Is Iraq turning into a Drug-Producing Country?

By Wassim Bassem for Al Monitor. Any opinions expressed here are those of the author and do not necessarily reflect the views of Iraq Business News. 

A Nov. 23 report by specialized judges revealed the establishment of plants to produce Krystal — the local name of crystal methamphetamine or crystal meth. The findings suggest that Iraq is changing from a corridor for drugs between neighboring countries into a producer of narcotics, taking advantage of poor regulatory procedures on the porous border.

This explains the increased arrests of drug dealers and users, most recently on Dec. 20, when the Ministry of Interior announced the arrest of a group of six people who were trafficking narcotics in a horse stable in the Abu Ghraib area, west of Baghdad.

A source in the national security apparatus confirmed Nov. 19 the presence of plants used to produce drugs, such as crystal meth, in Basra and Maysan provinces in the south.

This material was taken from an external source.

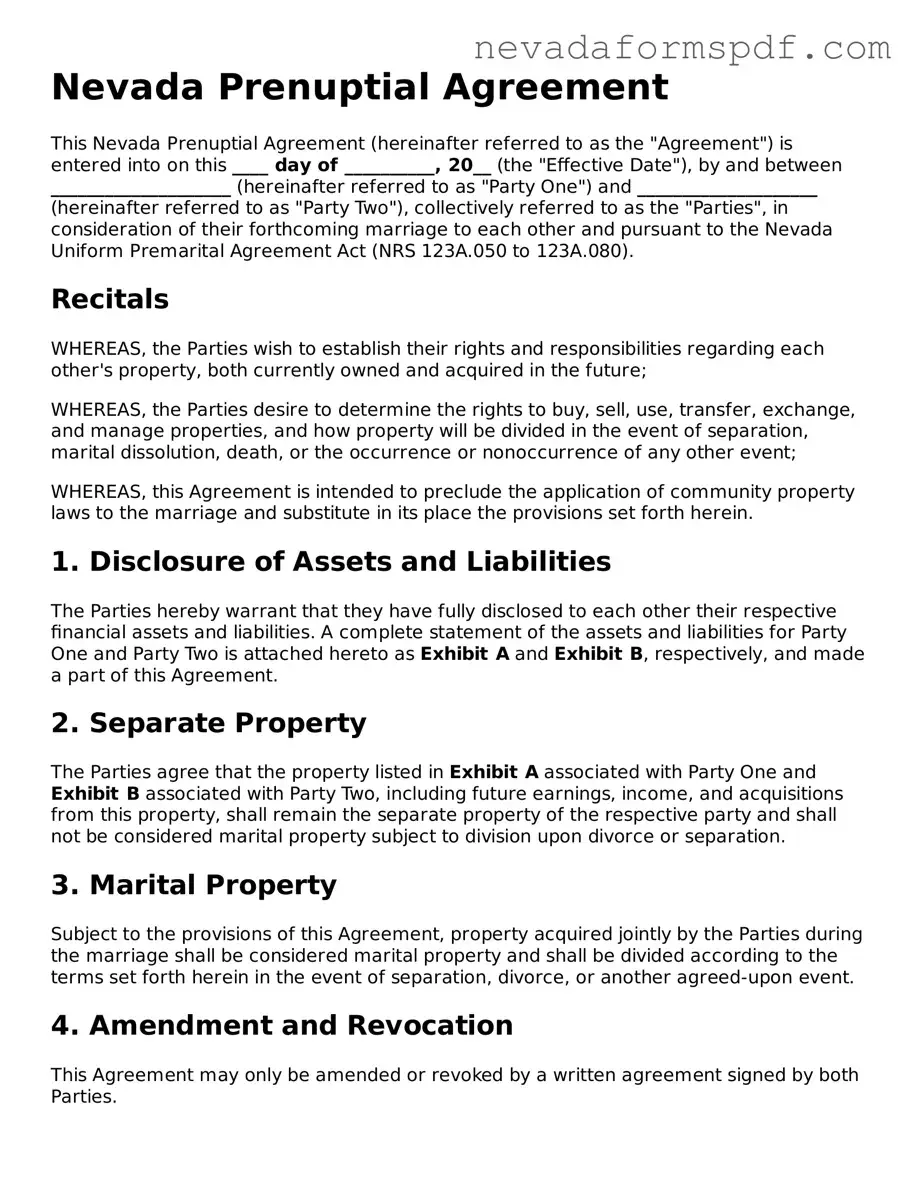 Prenuptial Agreement Template for Nevada State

The people running the plants mix narcotic chemicals that are smuggled from abroad with other materials. The source said that this has turned Iraq into a producing country of narcotics.

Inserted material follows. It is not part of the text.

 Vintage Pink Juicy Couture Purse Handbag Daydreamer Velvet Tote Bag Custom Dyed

Faeq al-Sheikh Ali, a member of parliament, said Oct. 25 that “cannabis is cultivated in opium farms in south Iraq under the patronage of political parties and influential armed groups,” which gave the phenomenon a political dimension, causing much controversy about political parties using drug profits for political money.

Ali’s statements prompted Iraqi parliament's Agricultural Committee to declare Dec. 12 that it will “investigate the information about the cultivation of some crops used for the manufacture of drugs, especially opium in the south of Iraq.”

In an interview with Al-Monitor, Ali al-Badri, a member of parliament on the Agricultural Committee, denied claims about opium cultivation in southern Iraq at the hands of political parties and groups. “These reports are not accurate. The cultivation of such narcotics requires production means and lands for cultivation. The presence of some individual cases does not mean Iraq is now producing drugs,” he said.